RECORDS TO PROCESS:

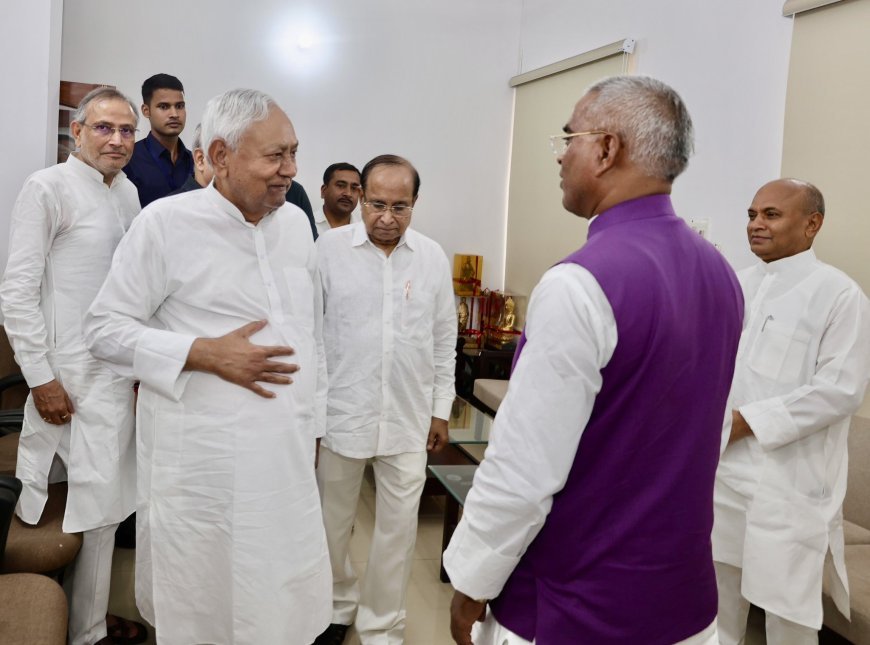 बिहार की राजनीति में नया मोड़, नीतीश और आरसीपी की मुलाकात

* * *

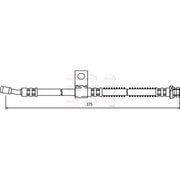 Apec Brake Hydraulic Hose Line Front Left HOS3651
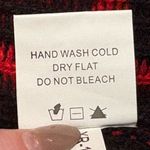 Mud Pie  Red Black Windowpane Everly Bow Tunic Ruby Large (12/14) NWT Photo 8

PROBLEM STATEMENT: With the pictures left out, write out exactly the lines above from the one containing "Apec Brake Hydraulic" through the one containing "NWT Photo 8".

ANSWER BOX:
 Apec Brake Hydraulic Hose Line Front Left HOS3651
 Mud Pie  Red Black Windowpane Everly Bow Tunic Ruby Large (12/14) NWT Photo 8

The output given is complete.